The best summer movies are all about saving the world from crazy destruction. In my lifetime, iconic blockbusters like Independence Day, Armageddon, and Transformers come to mind as worthy examples.

This year we’ve been treated to a lot of that action. Kirk and Spock saved San Francisco and Starfleet Headquarters from Khan’s ultimate revenge in Star Trek: Into Darkness, Superman/Don’t-call-him-Superman stopped General Zod from destroying Earth in Man of Steel, and Brad Pitt at least gave mankind a fighting chance against the Zombie Apocalypse in World War Z (with the help of a wily Israeli chayelet).

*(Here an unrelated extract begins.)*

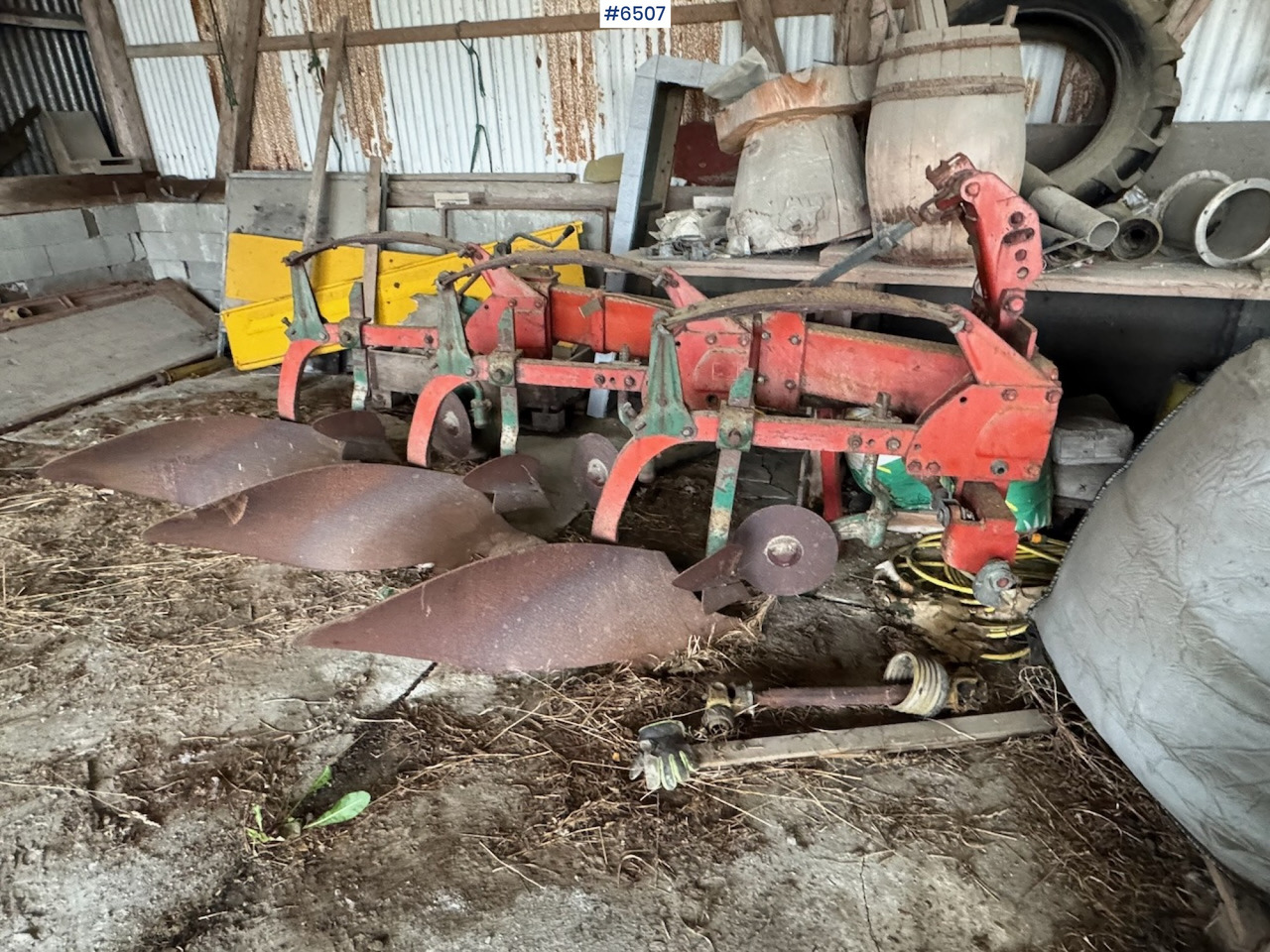 Kverneland 3-furrow plough - Μηχανή οργώματος: φωτογραφία 3 Kverneland 3-furrow plough - Μηχανή οργώματος: φωτογραφία 3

And now, this weekend we get ready for Pacific Rim, which looks like a whole lot of awesome. As dimension-jumping Kaiju monsters emerge from the Pacific Ocean floor and start laying waste to cities like San Francisco and Manila, some ferociously-CGI’d, fifty-foot tall robots called “Jaegers” (insert chuckle here) manned by neutrally-bridged pairs of humans make Earth’s final stand before, well, the end of the world, of course.

Just listen to Idris Elba’s British scowl-speak at 1:40 of the trailer:

“At the edge of our hope…and the end of our time…we have chosen to believe in each other. Today we face the monsters that are at our door. Tonight we are CANCELLING THE APOCALYPSE!”

All of this is set to a pretty hardcore soundtrack. Yes. I’m in. I’m going. Save the world for me please. (And yes, I do hope Elba is the next James Bond after Daniel Craig’s turn is over).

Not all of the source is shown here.